My fave products were the pomegranete moisturizer and white tea cleansing gel. the moisturizer is really amazing underneath makeup. it is for combo skin....but still gets a little greasy by noon on a hot day. Definitely give it a try!


----------



## glam8babe (Jan 8, 2008)

*anybody used KORRES?*

So one of my new years resolutions is to start looking after my skin again and use good products.. ive already bought me Dermalogica pre cleanse [which is amazing!] but ive heard great things about KORRES and their products arent too expensive either which is great but have any of you used this brand?

im thinking of getting a cleanser from them if this helps...


----------



## Girl about town (Jan 8, 2008)

*Re: anybody used KORRES?*

Hiya korres is ok i used them for a while but the skincare was pretty average, can i recommend the most amazing cleanser evvvveeeer!!! Liz earle cleanse and polish. It gets amazing write ups almost everywhere (uk) you put it on your face rub it all in and then with the provided muslin cloth soaked in hot water ,buff it all off my skin is amazing since i've been using it, the toner and moisturiser are amazing too.I love this stuff so much .
Liz Earle Naturally Active Skincare [Welcome]


----------



## frocher (Jan 8, 2008)

*Re: anybody used KORRES?*

I thought Korres was nice, but not spectacular.  It is a good all around line, but nothing to write home about.


----------



## user79 (Feb 18, 2008)

omg I just bought the Jasmine shower gel and body milk....it smells soooo great!

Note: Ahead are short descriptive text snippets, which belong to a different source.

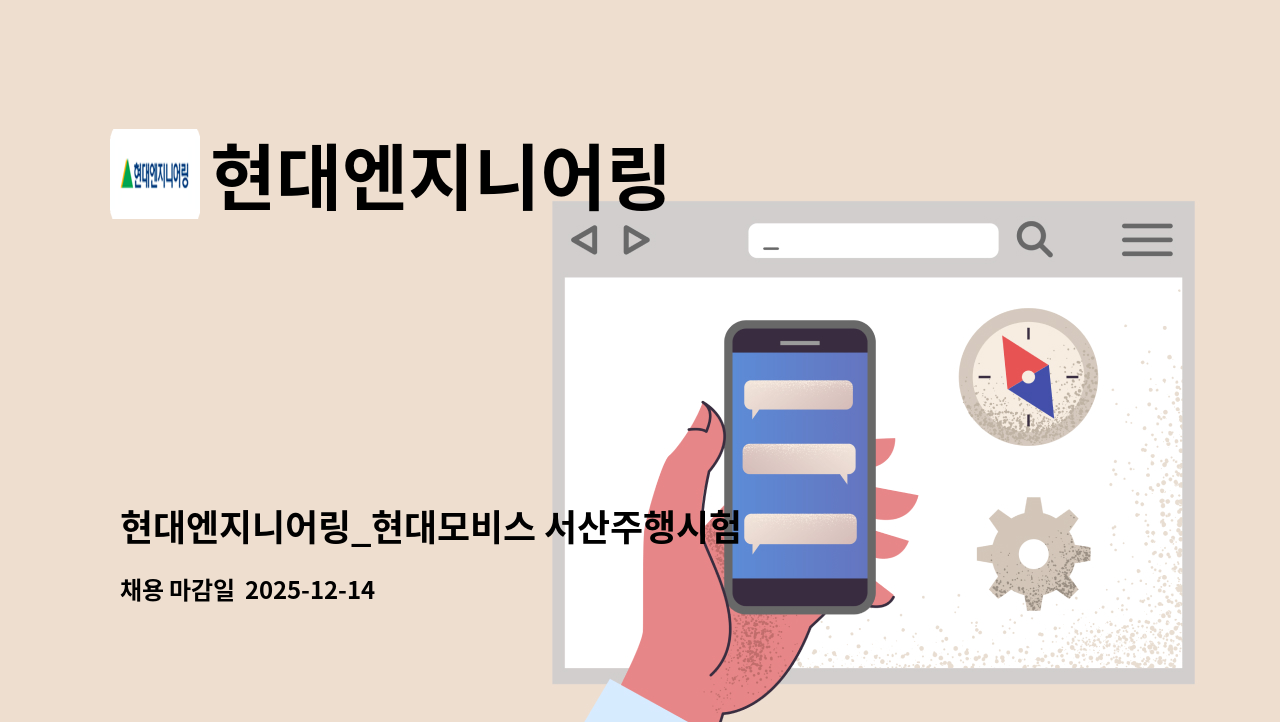 현대엔지니어링 - 현대엔지니어링_현대모비스 서산주행시험장_전기시설관리 : 채용 메인 사진 (더팀스 제공)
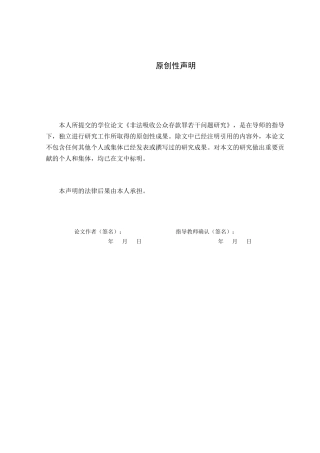26年WP法学 刑事附带民事诉讼中“物质损失”的范围认定6.84-AI_1(22448字).docx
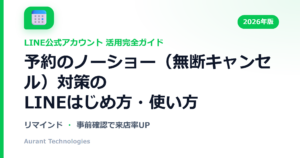 予約のノーショー（無断キャンセル）対策のLINE公式アカウント活用ガイド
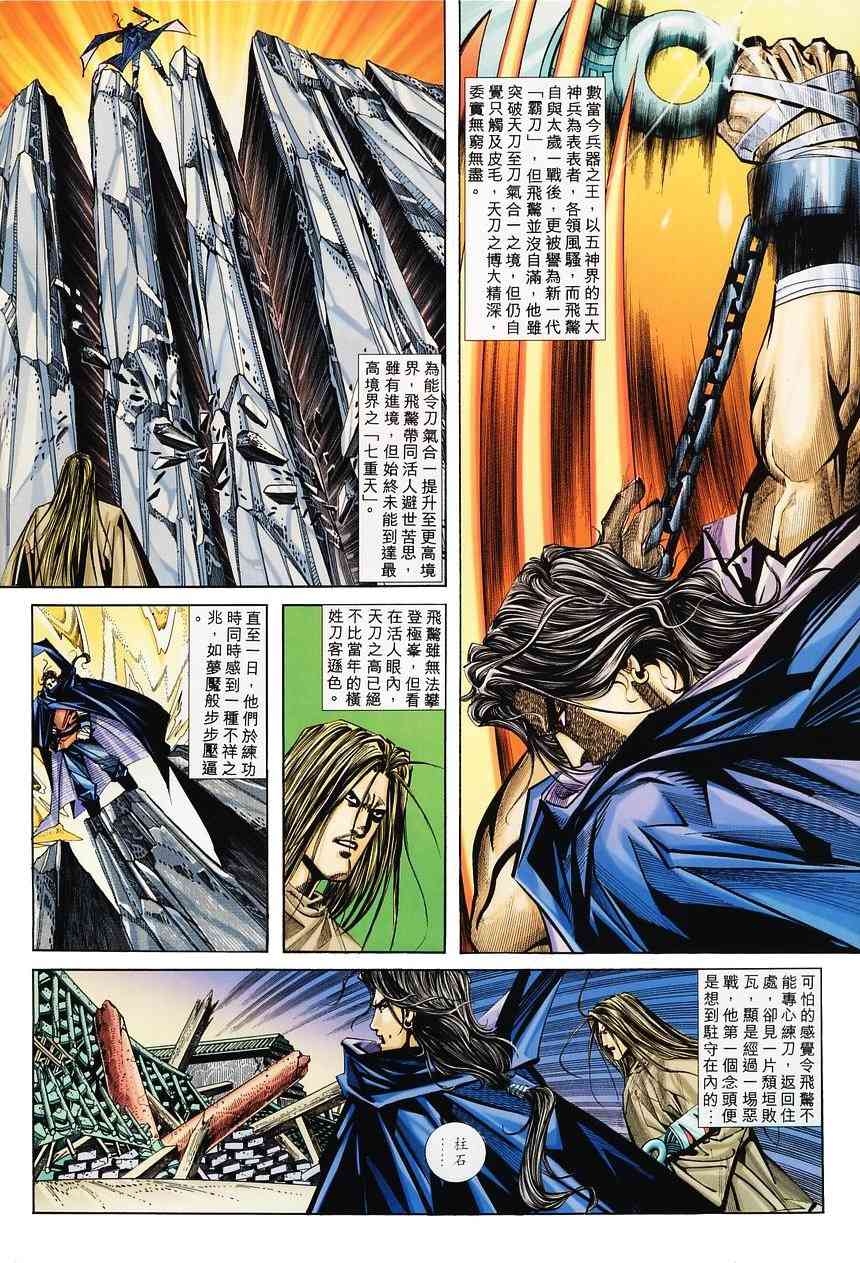 🍵霸刀 第139回 第2页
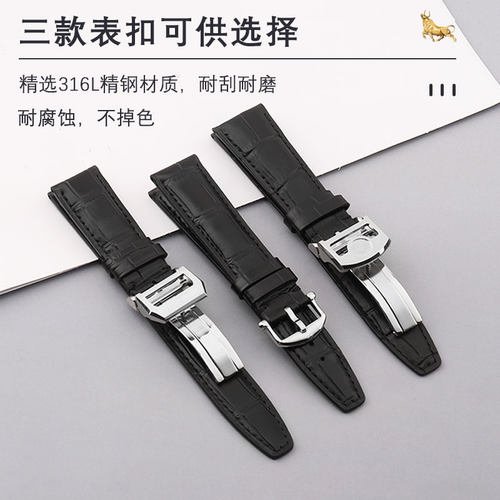 意大利小牛皮柔软舒适防水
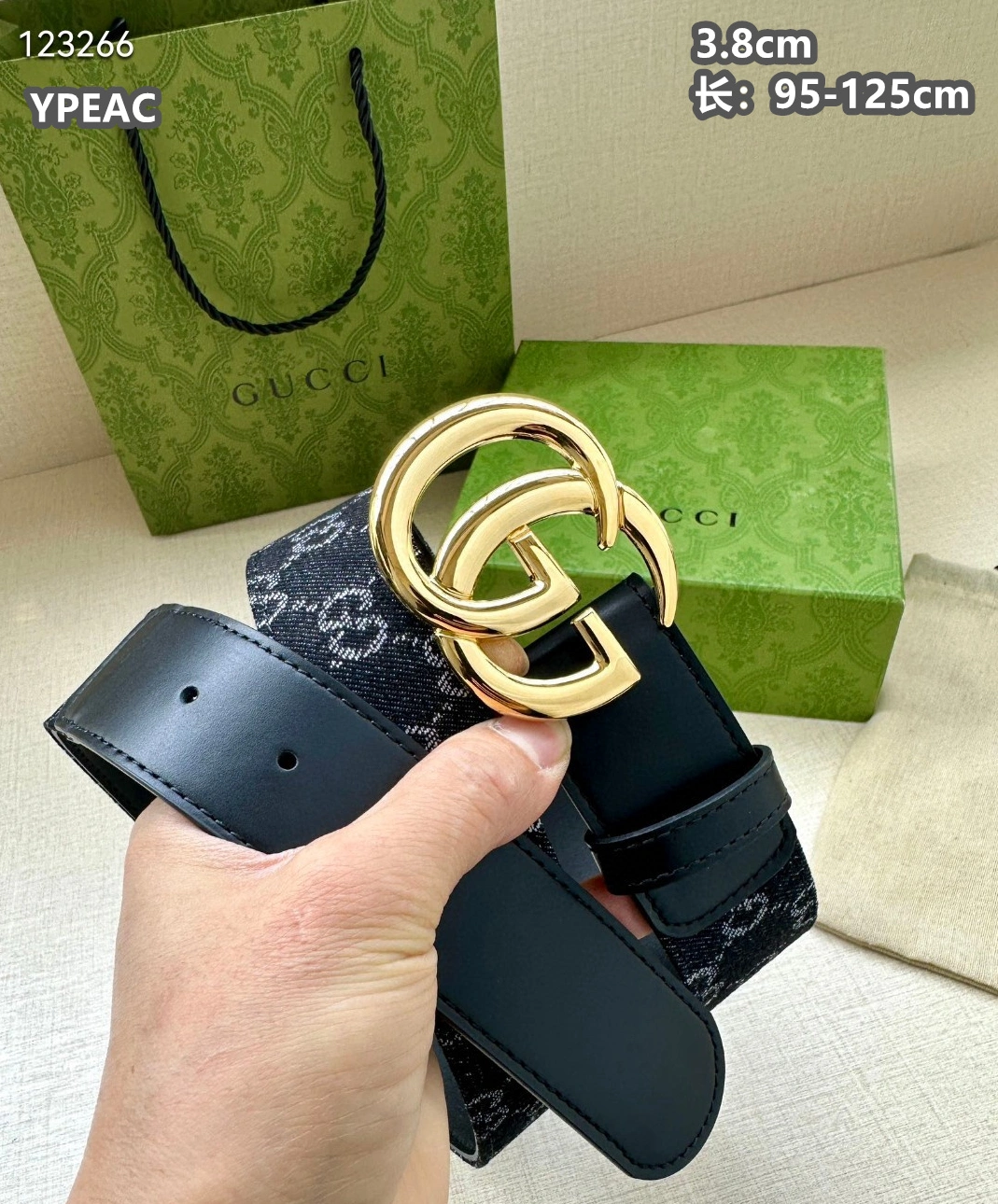 Gucci AAA Quality Belts For Men Versatile 3210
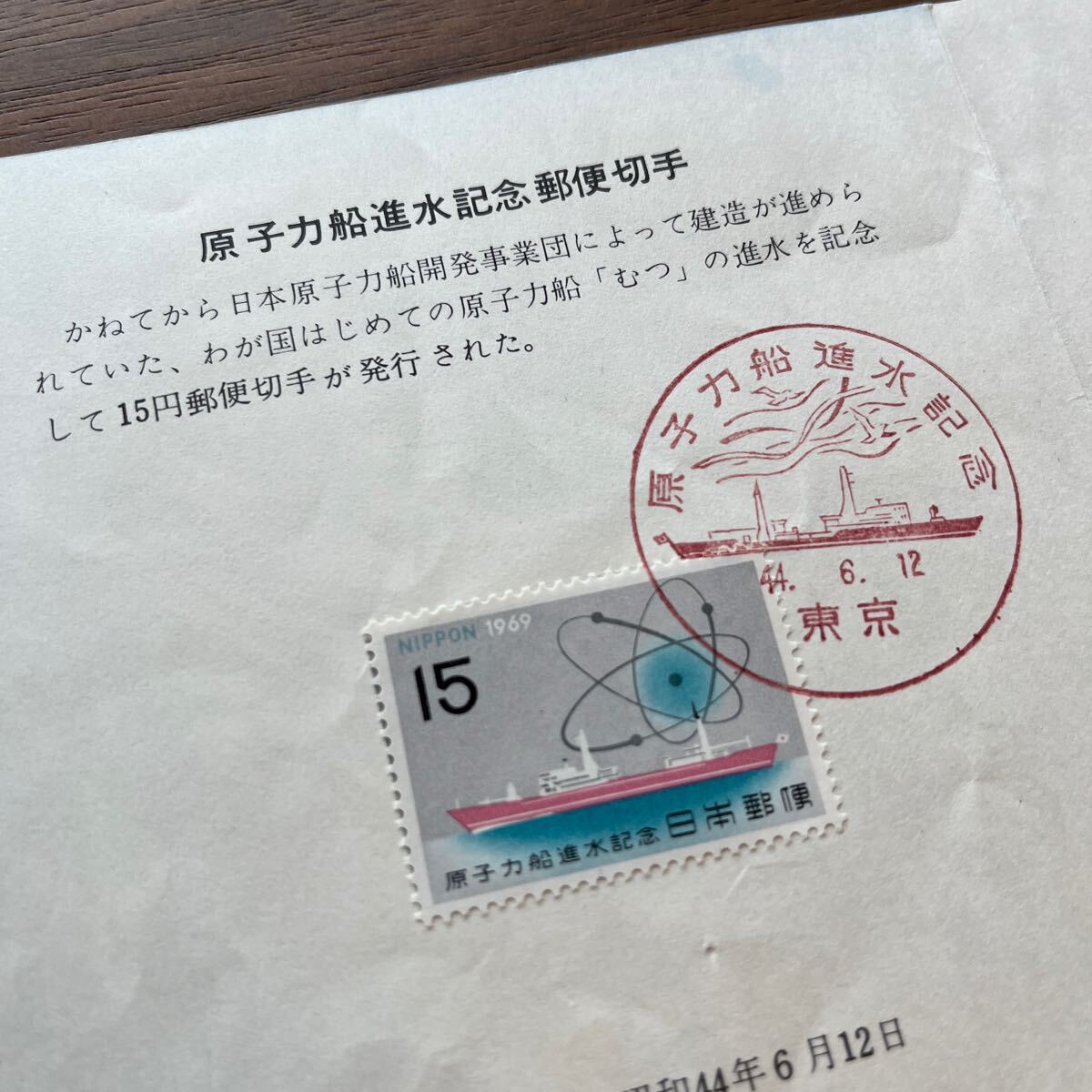 切手 原子力船進水記念 解説書 FDC 初日印 初日記念カバー スタンプ 押印 1969拍卖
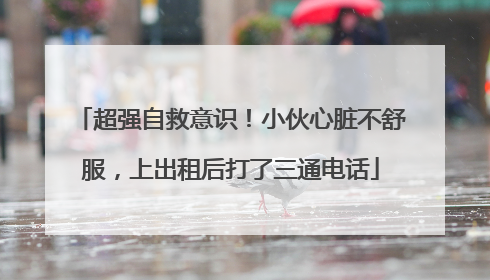 超强自救意识！小伙心脏不舒服，上出租后打了三通电话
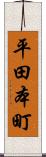 平田本町 Scroll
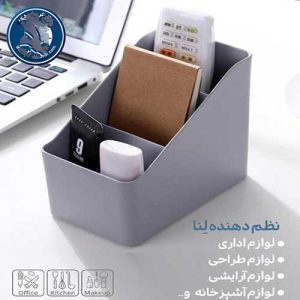 نظم دهنده رومیزی کاجین مدل لنا کوچک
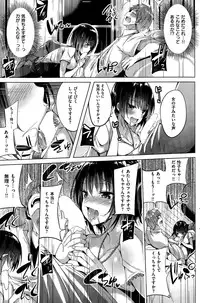 COMIC Kairakuten BEAST 2015-09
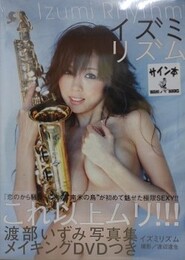 渡部いずみ写真集　イズミリズム　【サイン入】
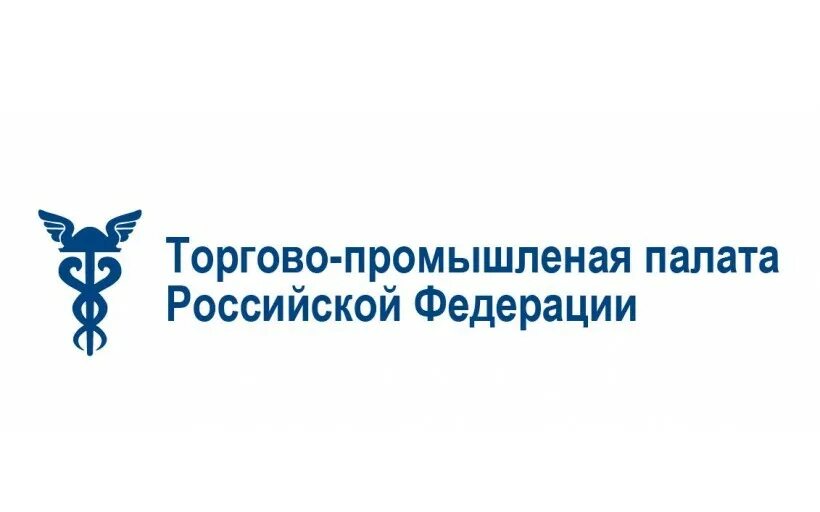 Торгово-Промышленная палата Российской Федерации лого. Торгово Промышленная палата РФ лого. Торгово Промышленная палата Нижний Новгород логотип. Логотип торгово Промышленная палата Самара. Торгово пром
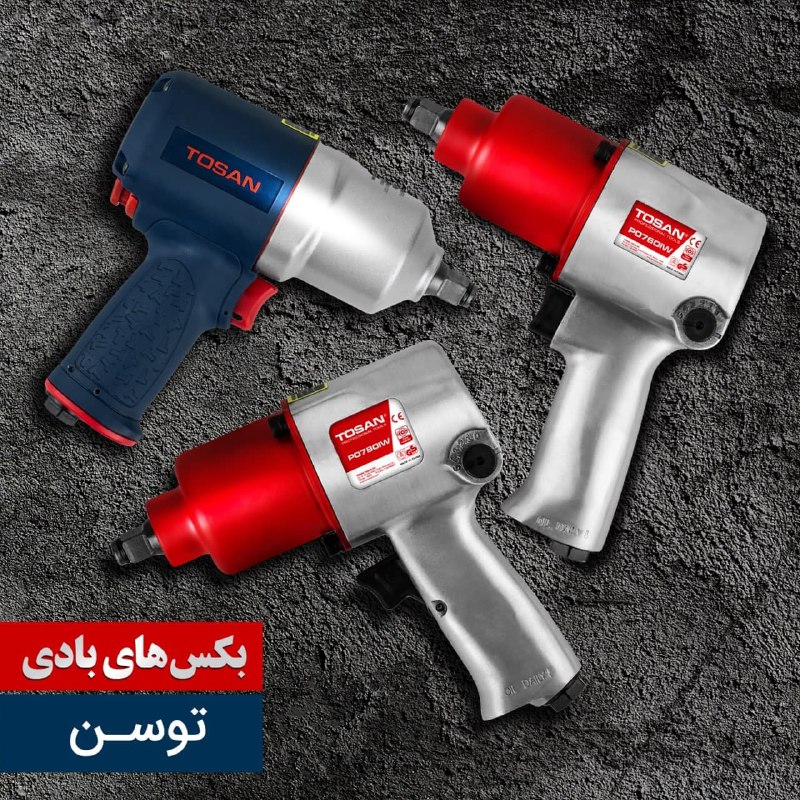 بکس های بادی توسن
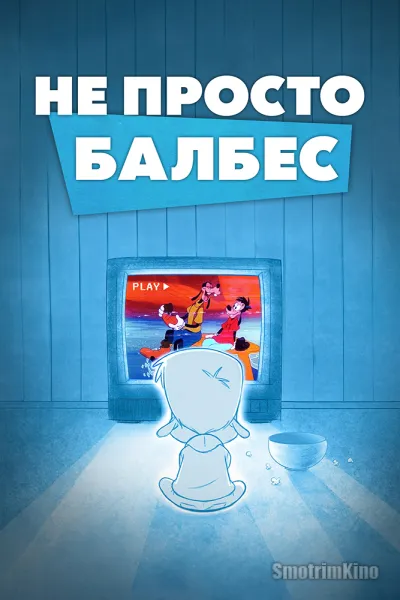 Не просто Гуфи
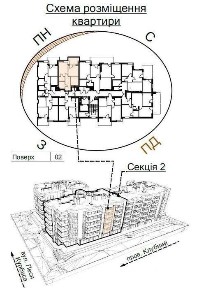 Продаж 1-кімнатної квартири, новобудова, ЖК CENTRAL PARK, Біла Церква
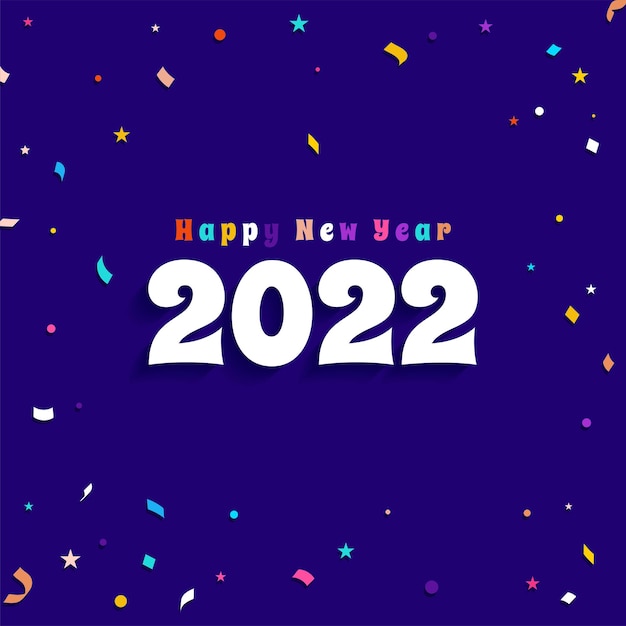 ラグジュアリー2022明けましておめでとうございますグリーティングカード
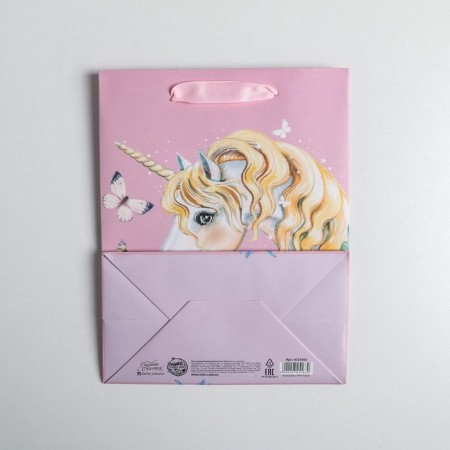 Package Gift Laminated Vertical, Packaging, Unicorn ”, MS 18 x 23 x 10 cm-4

I love Jasmine scent, and this stuff makes me smell divine. The body milk is fairly light so I think it will be better in the summer. I want to try one of the body butters as well, but they don't have those in too many scents, I might try the Guava one.

The products is pretty expensive here in Switzerland though.


----------



## anaibb (Jun 1, 2008)

Hello everybody!
I'm also very curious about Korres though it is still not available in Portugal.
My ususal tinted moisturizer (from Clinique) has finished and I'm willing to change for something new and was wondering about Korres Watermelon Lightweight Tinted Moisturizer SPF 30 Oil Free. I've got a quite oily skin which has waken up to breakouts recently making me to change my beauty routine.
What your opinion on this? TIA!


----------



## Sparklevixen81 (Jun 5, 2008)

I have tried the wild rose 24-hour moisturizer as a sample from sephora. I think it is awesome and does not leave my face oily at all! I am wondering if spf6 means something different in greece than it does in the US? I am a little bit concerned about using that as a primary day moisturizer with such a low number.


----------



## athena123 (Jul 3, 2008)

Quote:

   Originally Posted by *Sparklevixen81* 

 
_I have tried the wild rose 24-hour moisturizer as a sample from sephora. I think it is awesome and does not leave my face oily at all! I am wondering if spf6 means something different in greece than it does in the US? I am a little bit concerned about using that as a primary day moisturizer with such a low number._

 
sparkle, spf rating is the same no matter the country. If you don't use a sunblock in addition to this moisturizer, I'd recommend you do so. SPF6 isn't enough to protect you. 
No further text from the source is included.